Artificial neural networks
ANNs take advantage of the concept of DL. They are an abstract representation of the human nervous system, which contains a collection of neurons that communicate with each other through connections called axons.
Warren McCulloch and Walter Pitts proposed the first artificial neuron model in 1943 in terms of a computational model of nervous activity. This model was followed by another proposed by John von Neumann, Marvin Minsky, Frank Rosenblatt (the so-called perceptron), and many others.
The biological neurons
Look at the brain's architecture for inspiration. Neurons in the brain are called biological neurons. They are unusual–looking cells, mostly found in animal brains, consisting of cortexes. The cortex itself is composed of a cell body, containing the nucleus and most of the cell's complex components. There are many branching extensions called dendrites, plus one very long extension called the axon.
Near its extremity, the axon splits off into many branches called telodendria and at the top of these branches are minuscule structures called synaptic terminals (or simply synapses), which connect to the dendrites of other neurons. Biological neurons receive short electrical impulses called signals from other neurons, and in response, they fire their own signals:
In biology, a neuron is composed of the following:
- A cell body or soma
- One or more dendrites, whose responsibility it is to receive signals from other neurons
- An axon, which in turn conveys the signals generated by the same neuron to the other connected neurons
The neuron's activity alternates between sending a signal (active state) and rest/receiving signals from other neurons (inactive state). The transition from one phase to another is caused by the external stimuli, represented by signals that are picked up by the dendrites. Each signal has an excitatory or inhibitory effect, conceptually represented by a weight associated with the stimulus.

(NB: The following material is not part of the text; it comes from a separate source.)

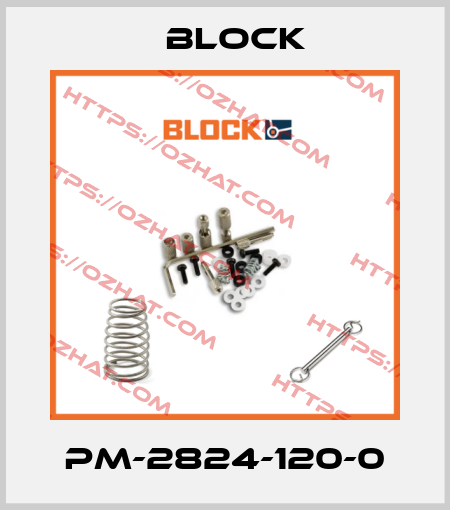 PM-2824-120-0 Block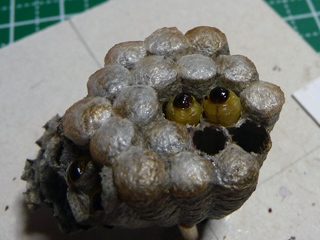 img20100701g.jpg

A neuron in idle state accumulates all the signals it has received until it reaches a certain activation threshold.
The artificial neuron
Based on the concept of biological neurons, the term and the idea of artificial neurons arose, and they have been used to build intelligent machines for DL-based predictive analytics. This is the key idea that inspired ANNs. Similarly to biological neurons, the artificial neuron consists of the following:
- One or more incoming connections, with the task of collecting numerical signals from other neurons: each connection is assigned a weight that will be used to consider each signal sent
- One or more output connections that carry the signal to the other neurons
- An activation function, which determines the numerical value of the output signal, based on the signals received from the input connections with other neurons, and suitably collected from the weights associated with each received signal, and the activation threshold of the neuron itself:
The output, that is, the signal that the neuron transmits, is calculated by applying the activation function, also called the transfer function, to the weighted sum of the inputs. These functions have a dynamic range between -1 and 1, or between 0 and 1. Many activation functions differ in terms of complexity and output. Here, we briefly present the three simplest forms:
- Step function: Once we fix the threshold value x (for example, x = 10), the function will return zero, or one if the mathematical sum of the inputs is at, above, or below the threshold value.
- Linear combination: Instead of managing a threshold value, the weighted sum of the input values is subtracted from a default value. We will have a binary outcome that will be expressed by a positive (+b) or negative (-b) output of the subtraction.
- Sigmoid: This produces a sigmoid curve, which is a curve with an S trend. Often, the sigmoid function refers to a special case of the logistic function.
From the simplest forms used in the prototyping of the first artificial neurons, we move to more complex forms that allow greater characterization of the functioning of the neuron:
- Hyperbolic tangent function
- Radial basis function
- Conic section function
- Softmax function:
Choosing proper activation functions (also weights initialization) is key to making a network perform at its best and to obtain good training. These topics are under a lot of research, and studies indicate marginal differences in terms of output quality if the training phase is carried out properly.
Note
There is no rule of thumb in the field of neural networks. It all depends on your data and in what form you want the data to be transformed, after passing through the activation function. If you want to choose a particular activation function, you need to study the graph of the function to see how the result changes with respect to the values given to it.